España parece atrapada en un bucleo de crisis: la económica, la institucional, la generacional.
Cada una deja tras de sí un nuevo suelo que se desmorona, y la sensación colectiva es la de estar cayendo, sin saber si al final del túnel hay salida o más oscuridad.
Como Alicia, intentamos mantener la compostura, repetir que todo “tiene sentido”, cuando en realidad sospechamos que nada lo tiene.
Carroll construyó un universo gobernado por la lógica del absurdo.
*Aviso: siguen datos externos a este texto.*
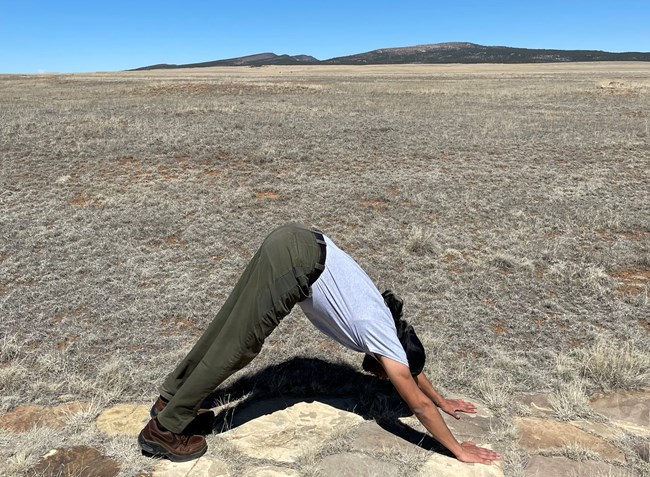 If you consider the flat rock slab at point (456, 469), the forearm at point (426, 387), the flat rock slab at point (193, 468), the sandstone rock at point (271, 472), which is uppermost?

Los personajes de su obra —el Sombrerero Loco, la Reina de Corazones, el Gato de Cheshire— representan un poder arbitrario, que exige obediencia sin coherencia.
En ellos podemos ver un reflejo inquietante de nuestra propia realidad.
Estructuras políticas que se perpetúan en el ruido, debates que giran en bucle, instituciones que se sostienen más en el espectáculo que en la razón.
En la España contemporánea, el sinsentido ha dejado de ser una anomalía para convertirse en sistema.
Se legisla a golpe de titular, se gobierna en modo campaña electoral permanente, y la ciudadanía se ve obligada a interpretar cada día un nuevo lenguaje
La desconfianza, la ironía y el cansancio se han instalado como actitudes de supervivencia.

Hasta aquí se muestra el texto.